_Task brief_
Please print the data again exactly as given.

"""

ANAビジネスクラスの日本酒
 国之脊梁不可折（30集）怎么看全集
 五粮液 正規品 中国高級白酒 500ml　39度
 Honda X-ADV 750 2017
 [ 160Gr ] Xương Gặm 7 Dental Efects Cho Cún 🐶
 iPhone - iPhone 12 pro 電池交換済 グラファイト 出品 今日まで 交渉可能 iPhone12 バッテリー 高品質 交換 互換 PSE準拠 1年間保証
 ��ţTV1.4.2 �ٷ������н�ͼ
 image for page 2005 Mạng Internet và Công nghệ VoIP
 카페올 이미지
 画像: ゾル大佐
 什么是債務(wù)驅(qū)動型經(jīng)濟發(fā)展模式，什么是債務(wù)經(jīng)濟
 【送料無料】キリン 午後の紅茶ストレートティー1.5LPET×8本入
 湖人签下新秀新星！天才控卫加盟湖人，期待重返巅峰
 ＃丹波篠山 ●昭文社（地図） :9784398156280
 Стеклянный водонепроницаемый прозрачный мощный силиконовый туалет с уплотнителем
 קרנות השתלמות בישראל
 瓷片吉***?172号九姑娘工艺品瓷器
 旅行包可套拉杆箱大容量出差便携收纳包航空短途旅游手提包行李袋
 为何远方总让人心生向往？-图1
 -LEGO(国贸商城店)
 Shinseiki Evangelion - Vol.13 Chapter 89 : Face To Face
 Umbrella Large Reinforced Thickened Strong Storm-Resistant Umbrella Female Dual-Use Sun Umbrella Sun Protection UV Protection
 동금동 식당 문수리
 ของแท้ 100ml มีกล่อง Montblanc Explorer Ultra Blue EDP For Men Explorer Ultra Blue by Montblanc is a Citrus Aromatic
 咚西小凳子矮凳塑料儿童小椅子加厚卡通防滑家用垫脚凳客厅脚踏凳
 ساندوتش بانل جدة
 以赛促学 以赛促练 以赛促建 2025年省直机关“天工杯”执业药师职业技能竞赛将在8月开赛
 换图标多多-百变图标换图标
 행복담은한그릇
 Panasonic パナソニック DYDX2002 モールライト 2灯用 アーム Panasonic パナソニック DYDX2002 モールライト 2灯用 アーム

"""

_Problem solution_
ANAビジネスクラスの日本酒
 国之脊梁不可折（30集）怎么看全集
 五粮液 正規品 中国高級白酒 500ml　39度
 Honda X-ADV 750 2017
 [ 160Gr ] Xương Gặm 7 Dental Efects Cho Cún 🐶
 iPhone - iPhone 12 pro 電池交換済 グラファイト 出品 今日まで 交渉可能 iPhone12 バッテリー 高品質 交換 互換 PSE準拠 1年間保証
 ��ţTV1.4.2 �ٷ������н�ͼ
 image for page 2005 Mạng Internet và Công nghệ VoIP
 카페올 이미지
 画像: ゾル大佐
 什么是債務(wù)驅(qū)動型經(jīng)濟發(fā)展模式，什么是債務(wù)經(jīng)濟
 【送料無料】キリン 午後の紅茶ストレートティー1.5LPET×8本入
 湖人签下新秀新星！天才控卫加盟湖人，期待重返巅峰
 ＃丹波篠山 ●昭文社（地図） :9784398156280
 Стеклянный водонепроницаемый прозрачный мощный силиконовый туалет с уплотнителем
 קרנות השתלמות בישראל
 瓷片吉***?172号九姑娘工艺品瓷器
 旅行包可套拉杆箱大容量出差便携收纳包航空短途旅游手提包行李袋
 为何远方总让人心生向往？-图1
 -LEGO(国贸商城店)
 Shinseiki Evangelion - Vol.13 Chapter 89 : Face To Face
 Umbrella Large Reinforced Thickened Strong Storm-Resistant Umbrella Female Dual-Use Sun Umbrella Sun Protection UV Protection
 동금동 식당 문수리
 ของแท้ 100ml มีกล่อง Montblanc Explorer Ultra Blue EDP For Men Explorer Ultra Blue by Montblanc is a Citrus Aromatic
 咚西小凳子矮凳塑料儿童小椅子加厚卡通防滑家用垫脚凳客厅脚踏凳
 ساندوتش بانل جدة
 以赛促学 以赛促练 以赛促建 2025年省直机关“天工杯”执业药师职业技能竞赛将在8月开赛
 换图标多多-百变图标换图标
 행복담은한그릇
 Panasonic パナソニック DYDX2002 モールライト 2灯用 アーム Panasonic パナソニック DYDX2002 モールライト 2灯用 アーム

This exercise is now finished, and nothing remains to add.